東本願寺は通称であり、西本願寺(龍谷山本願寺)の東に位置することに由来している。正式には真宗本廟という。 2020年7月現在の門首は、大谷暢裕(修如)。大谷派の最高規範である『真宗大谷派宗憲』には、「真宗本廟は、宗祖聖人の真影を安置する御影堂及び阿弥陀堂を中心とする聖域であって、本願寺とも称し、本派の崇敬の中心、教法宣布の根本道場である」と規定される。東本願寺(真宗本廟)は、包括宗教法人である「真宗大谷派」に包括される単位宗教法人(被包括宗教法人)ではなく、法人格を有していない。大谷派が管理する礼拝施設等(伽藍)の総称であり、宗教法人法による寺院ではない。東本願寺は、江戸時代に4度の火災に遭っており、その火災の多さから「火出し本願寺」と揶揄された。
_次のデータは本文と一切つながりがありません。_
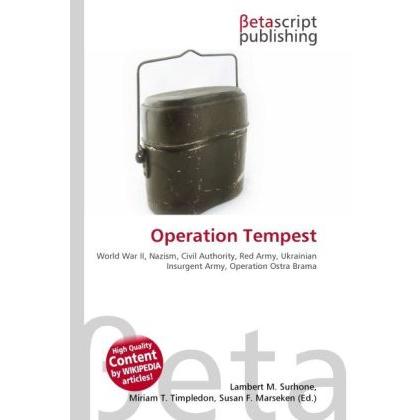 Operation Tempest, Fachbücher von Lambert M. Surhone, Susan F. Marseken, Miriam T. Timpledon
しかし、東本願寺が火元となったのは、文政6年(1823年)11月15日の火災のみである。
真宗大谷派は、浄土真宗の宗派の1つで、宗教法人法による宗教法人(包括宗教法人)である。 阿弥陀如来一佛を本尊とし、親鸞を宗祖とする。大谷派の根本道場である東本願寺を、所属するすべての寺院および教会の本山とする。2018年12月31日現在の被包括宗教団体数は8,638。大派、お東の通称がある。宗教法人の事務所は、「真宗大谷派宗務所」と称し、京都市下京区烏丸通七条上る常葉町754番地に置く。法人の代表役員は、宗務総長が務める。浄土真宗系の教団で結成する「真宗教団連合」に加盟し、加盟団体と相互の連絡・提携を取る。また同連合の事務総局は2年ごとに移管し、真宗大谷派宗務所と浄土真宗本願寺派宗務所が交代で担当する。宗派名は、「浄土真宗本願寺派」との区別の便宜上、大谷派は「お東」「大派」、本願寺派は「お西」「本派」と通称される。同様に、本山の通称[8]である「東本願寺」を宗派名の意で用いる場合もある。但し寺号として正式に「東本願寺」を用いるのは東京の浅草にある東本願寺(台東区)(旧東京本願寺)である。 真宗大谷派は「本願寺」を解散させたため、寺院としての「東本願寺」ではなく宗派の礼拝所としての「真宗本廟」としている。 また、宗派の通称として本願寺派を西本願寺派と、大谷派を東本願寺派と俗用されていることがあるが、この表現を用いないのも大谷派と東本願寺派との混同を防ぐことになっている。
大谷光勝は、江戸時代後期から明治時代にかけての浄土真宗の僧。法名は、「嚴如」。東本願寺第二十一代法主 。真宗大谷派管長。文化14年3月7日(1817年4月22日 )、東本願寺第二十代 達如の次男として誕生。近衛忠煕の猶子となる。文政6年(1823年)、東本願寺、両堂宇を焼失する。文政7年(1824年)、東本願寺、仮堂宇を立てる。文政11年(1828年)3月18日、得度する。院号を「霊心院」、法名を「逹住」、諱を「朗澄」と名乗る。長浜別院 大通寺と姫路別院本徳寺の住職を兼職する。天保12年(1841年)4月6日、法嗣(法主後継者)である長兄・寶如が死去。同年12月10日、寶如の死去により法嗣となる。法名を「嚴如」と改める。弘化3年(1846年)5月22日、父・達如が隠退により、第二十一代法主を継承する。嘉永元年(1848年)12月16日 には、伏見宮邦家親王の四女・嘉枝宮和子女王を室に迎える。元治元年(1864年)、禁門の変により仮堂宇が消失する。明治元年(1868年)、近代に入ると、親密であった東本願寺と江戸幕府との関係を払拭し、明治新政府との関係改善を図るため、勤皇の立場を明確にする。そのため、北陸や東海地方へ巡教・勧募し、軍事費1万両・米4千俵を政府に献上する。明治2年(1869年)、政府の北海道開拓事業を請け負うことを決定する。明治3年(1870年)、法嗣である第5子(四男)・現如(大谷光瑩)を北海道に派遣した。明治5年(1872年)3月、華族に列せられる。同年9月、名字必称となり「大谷」の名字(姓)を用いる。明治12年(1879年)、焼失した東本願寺の両堂宇の再建を発願し、再建工事の着工を表明する。同年、大谷英麿と大谷温唐、東本願寺派関係の僧侶数名と共に慶應義塾入塾。明治14年(1881年)、公式の宗派名が「真宗大谷派」と定まる。明治22年(1889年)、現如に法主を譲り退隠する。法在職期間は、43年。院号を「眞無量院」とする。明治27年(1894年)1月15日、78歳にて死去。